(MATERIAL FOR THIS EXERCISE):
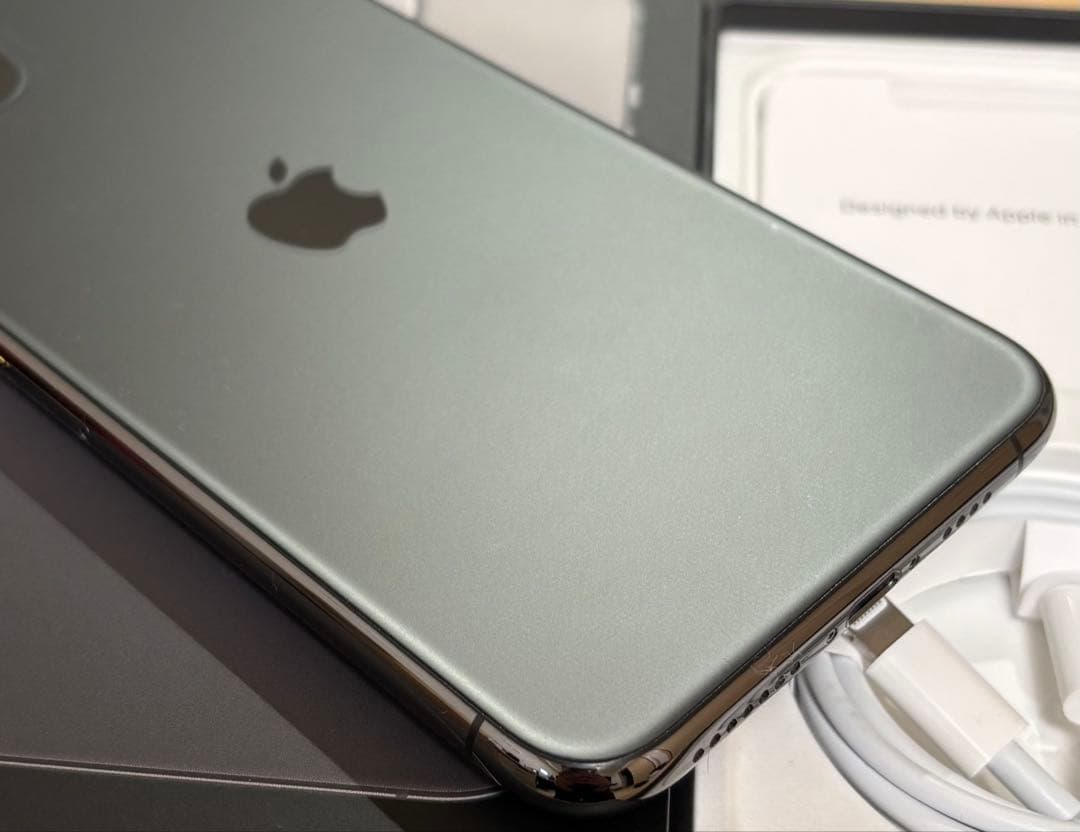 【美品】iPhone 11 PRO MAX 256GB スペースグレイ　本体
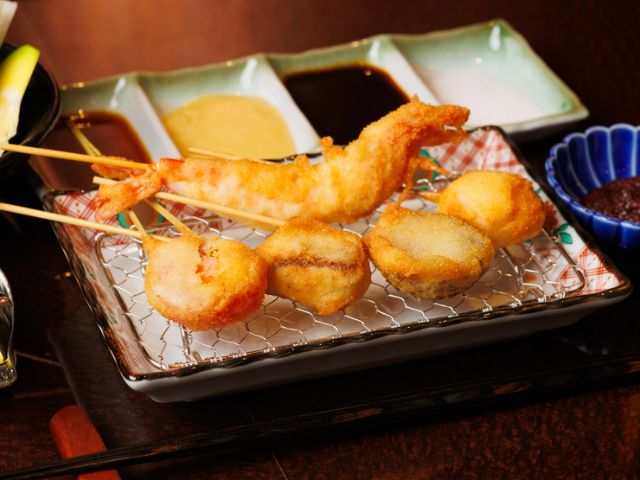A kushiage restaurant where one can fully enjoy the seasonal blessings of Miyako Island.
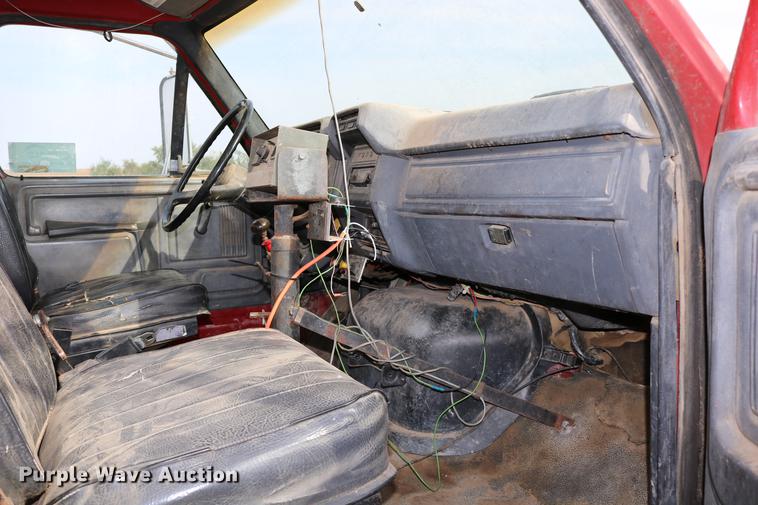 image for item DD0159 1987 Ford F800 feed truck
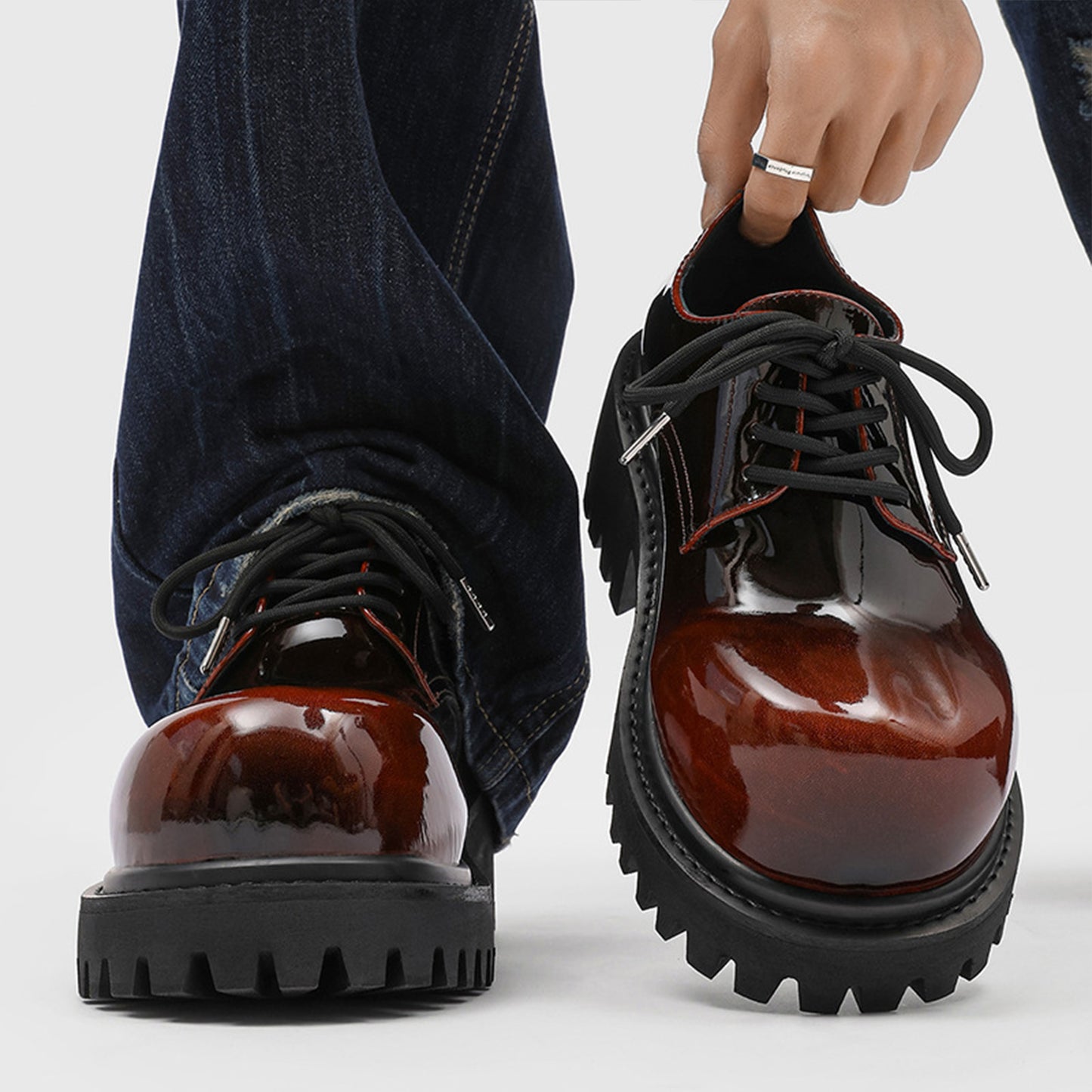 Men's Derby Shoes: Gloss Lace-Up with a Bold & Sculpted Sole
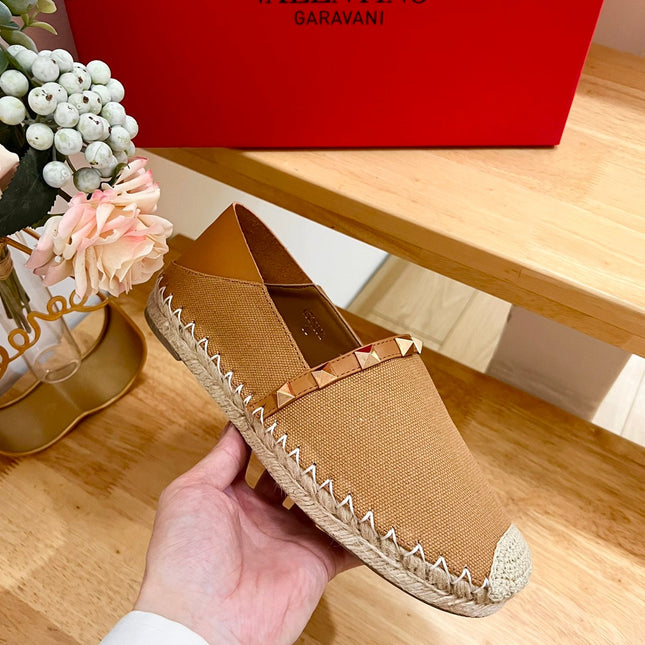 ROCKSTUD CIDER BROWN CANVAS ESPADRILLES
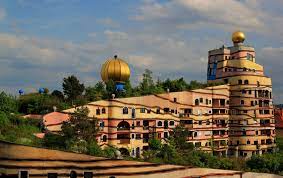 A kitchen, the bathroom, the bedroom and big living room (i mention this because i used to live in an apartment with small living room and big bedroom, not convenient). Ausflug Zur Wald Spirale Hundertwasserhaus Nach Darmstadt Jugendforderung Babenhausen
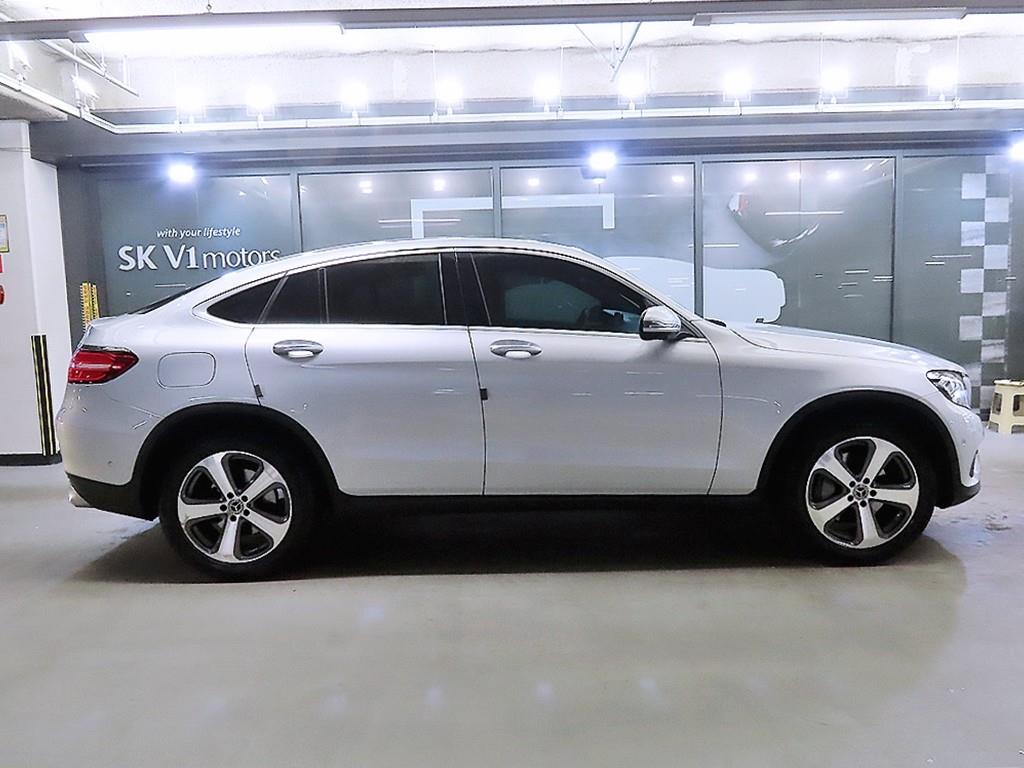 벤츠 GLC클래스 GLC 300 4매틱 쿠페 - 이미지 14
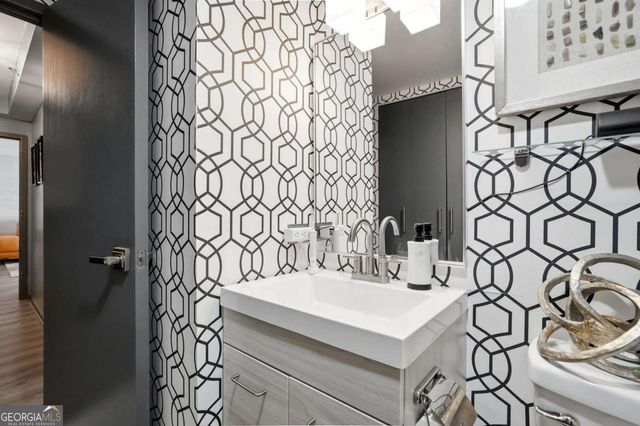 620 Peachtree Street NE 1003, Atlanta, GA 30308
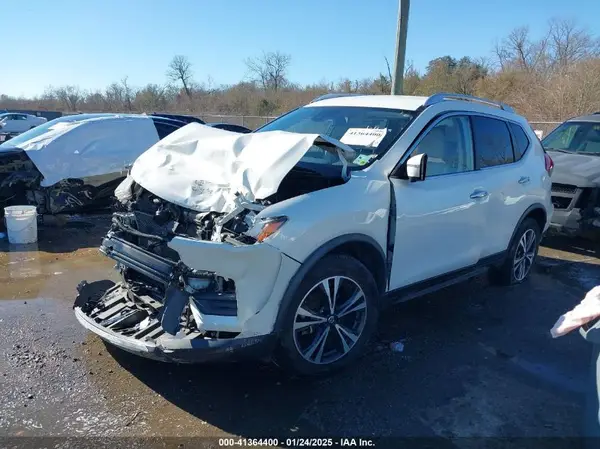 JN8AT2MT0LW016121 2020 NISSAN ROGUE - Image 2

(ACTION ITEM): Please print all the entries exactly as written, but drop the pictures.

(TASK OUTPUT):
 【美品】iPhone 11 PRO MAX 256GB スペースグレイ　本体
A kushiage restaurant where one can fully enjoy the seasonal blessings of Miyako Island.
 image for item DD0159 1987 Ford F800 feed truck
 Men's Derby Shoes: Gloss Lace-Up with a Bold & Sculpted Sole
 ROCKSTUD CIDER BROWN CANVAS ESPADRILLES
 A kitchen, the bathroom, the bedroom and big living room (i mention this because i used to live in an apartment with small living room and big bedroom, not convenient). Ausflug Zur Wald Spirale Hundertwasserhaus Nach Darmstadt Jugendforderung Babenhausen
 벤츠 GLC클래스 GLC 300 4매틱 쿠페 - 이미지 14
 620 Peachtree Street NE 1003, Atlanta, GA 30308
 JN8AT2MT0LW016121 2020 NISSAN ROGUE - Image 2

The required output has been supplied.